- _Directions_
Make an exact copy of the data below, leaving out every picture.

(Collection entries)
____________

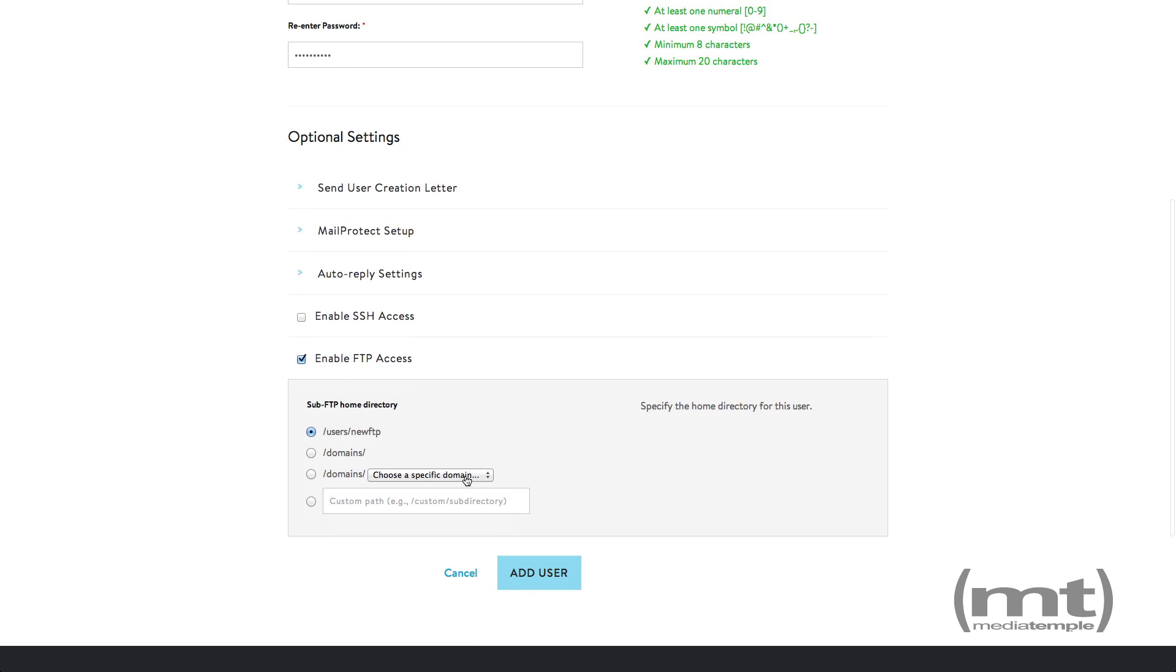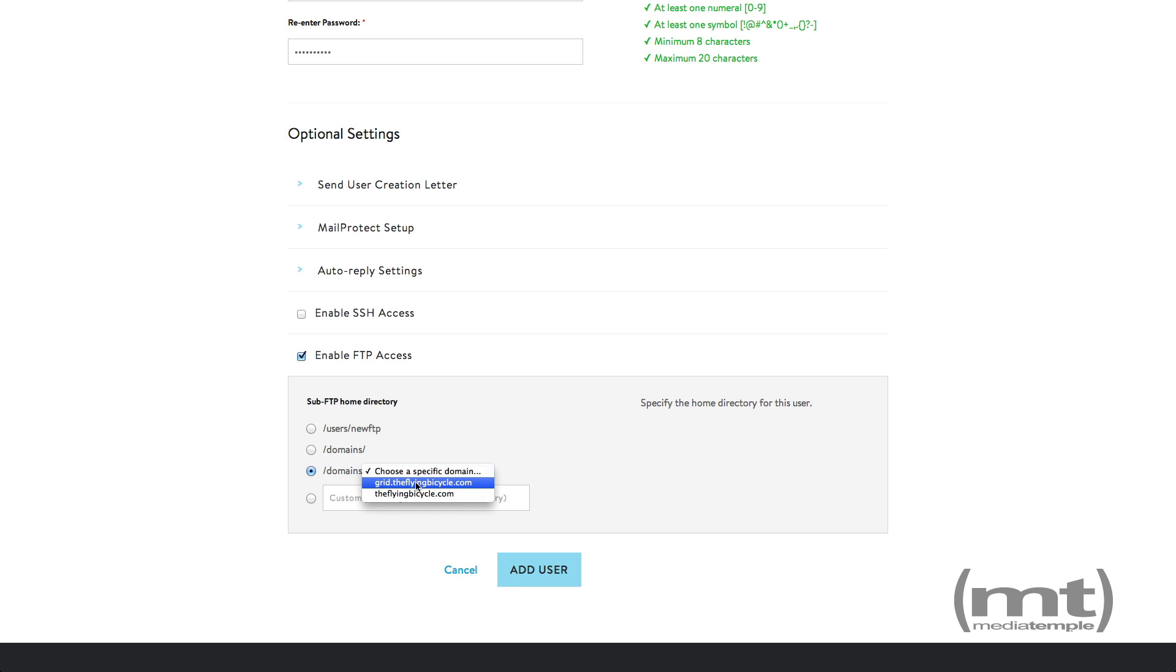Then you'll need to specify the home directory if you want the FTP user to have access to all of the domains on your grid. Select the second option. If you want to specify a specific domain, choose the third option and then select the domain name from the drop-down list.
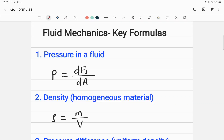Hello, welcome to Accurate Physics. In this lecture, I am reviewing some very important equations from fluid mechanics. If you are preparing for some standard exam or regular college exam, reviewing these equations from the fluid mechanics chapter is very important, because if you know the meaning of these formulas, you can better apply them to solve physics problems.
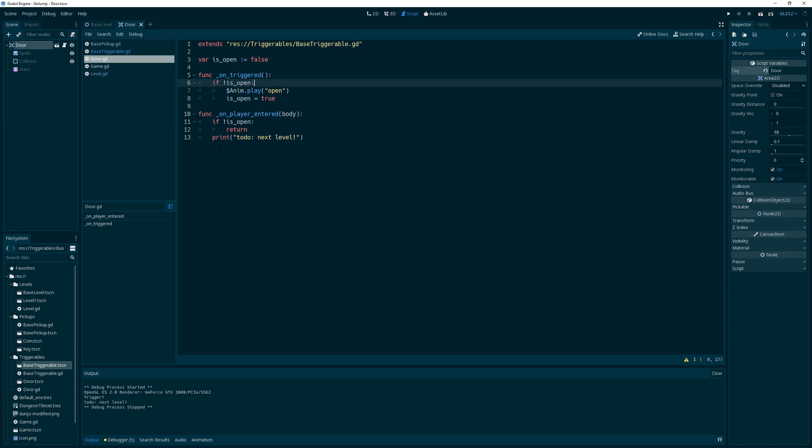So when we come back next time, we will cause the door to make the game load the next level. And we may actually look into some maybe fading out for scenes and such. We will do that next time. And thanks for watching. Until then.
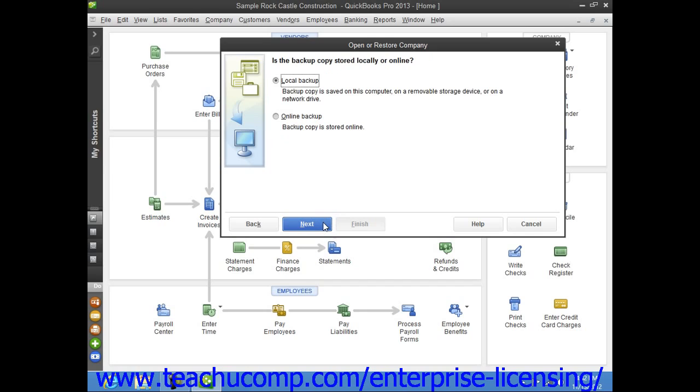The next window asks where the backup copy that you want to use has been saved. Select the Local Backup Option button if you are using a local backup copy saved to your network or to other removable media, or if you saved the backup copy online using that feature, then select the Online Backup Option button.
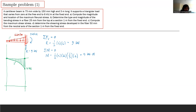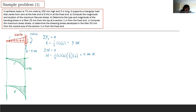For the moment diagram, the area of the second-degree shear diagram is one-third base times height. Using one-third times 3 times 9, that's still 9 kN·m. So from zero to 9 and back — the moment diagram is third degree. The maximum moment value is 9 kN·m at the fixed end.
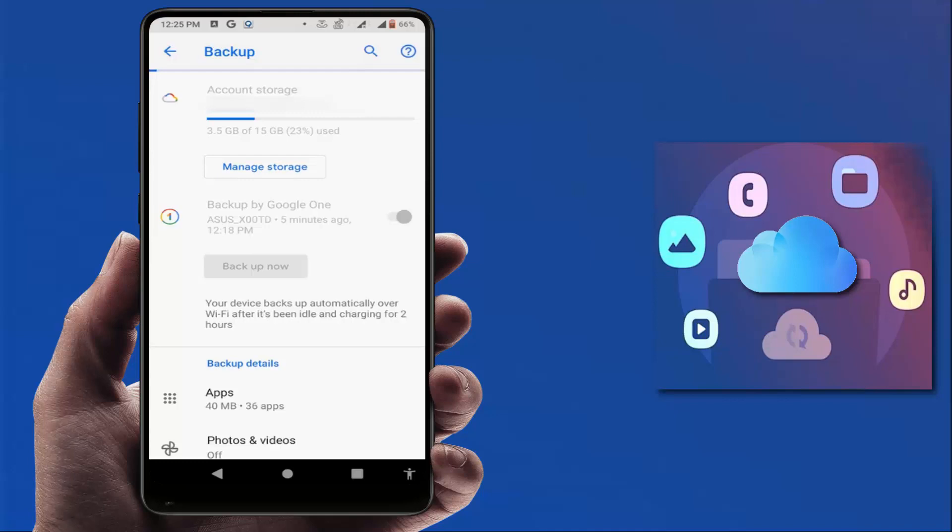Also, you need to remember one more thing: Google Drive will give you only 15GB of free space. If your device backup is above 15GB, it will not backup. You will need to subscribe to Google storage to get more storage on your device.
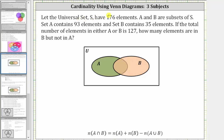If the universal set S has 176 elements, sets A and B are subsets of S. Set A contains 93 elements and set B contains 35 elements. If the total number of elements in either set A or set B is 127, how many elements are in set B but not in set A?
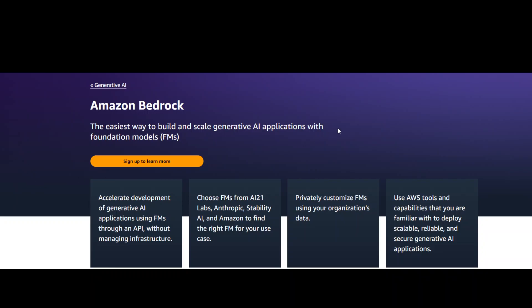You can sign up to learn more about this service at the AWS website because it's still in limited preview and not generally available, but you can sign up for it.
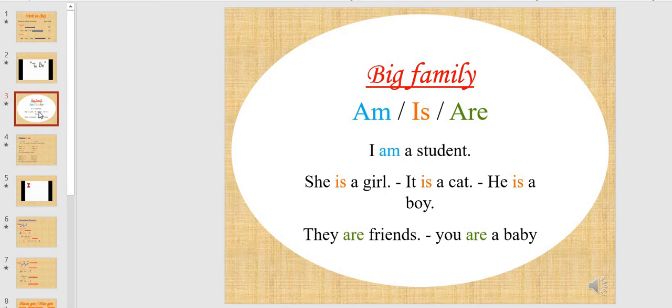As you saw in the video, verb to be has a big, big family. To be: am, is, or are. For example: I am a student. She is a girl. It is a cat. He is a boy. They are friends. You are a baby.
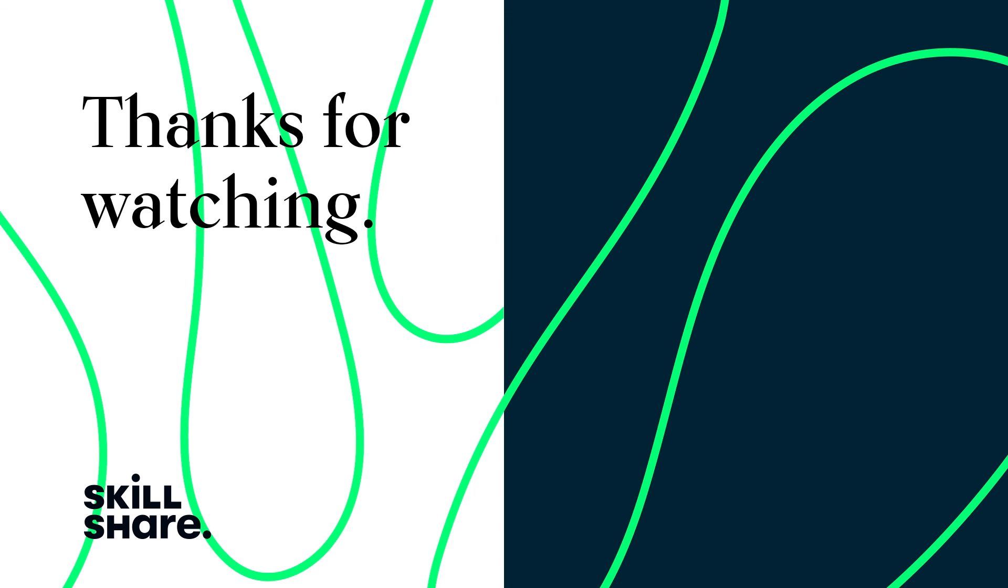Thanks for watching. If you enjoyed this video, feel free to like and subscribe to stay up to date on all of our latest videos.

____________

- _Task result_
Then you'll need to specify the home directory if you want the FTP user to have access to all of the domains on your grid. Select the second option. If you want to specify a specific domain, choose the third option and then select the domain name from the drop-down list.
Hello, welcome to Accurate Physics. In this lecture, I am reviewing some very important equations from fluid mechanics. If you are preparing for some standard exam or regular college exam, reviewing these equations from the fluid mechanics chapter is very important, because if you know the meaning of these formulas, you can better apply them to solve physics problems.
So when we come back next time, we will cause the door to make the game load the next level. And we may actually look into some maybe fading out for scenes and such. We will do that next time. And thanks for watching. Until then.
The next window asks where the backup copy that you want to use has been saved. Select the Local Backup Option button if you are using a local backup copy saved to your network or to other removable media, or if you saved the backup copy online using that feature, then select the Online Backup Option button.
For the moment diagram, the area of the second-degree shear diagram is one-third base times height. Using one-third times 3 times 9, that's still 9 kN·m. So from zero to 9 and back — the moment diagram is third degree. The maximum moment value is 9 kN·m at the fixed end.
Also, you need to remember one more thing: Google Drive will give you only 15GB of free space. If your device backup is above 15GB, it will not backup. You will need to subscribe to Google storage to get more storage on your device.
If the universal set S has 176 elements, sets A and B are subsets of S. Set A contains 93 elements and set B contains 35 elements. If the total number of elements in either set A or set B is 127, how many elements are in set B but not in set A?
You can sign up to learn more about this service at the AWS website because it's still in limited preview and not generally available, but you can sign up for it.
As you saw in the video, verb to be has a big, big family. To be: am, is, or are. For example: I am a student. She is a girl. It is a cat. He is a boy. They are friends. You are a baby.
Thanks for watching. If you enjoyed this video, feel free to like and subscribe to stay up to date on all of our latest videos.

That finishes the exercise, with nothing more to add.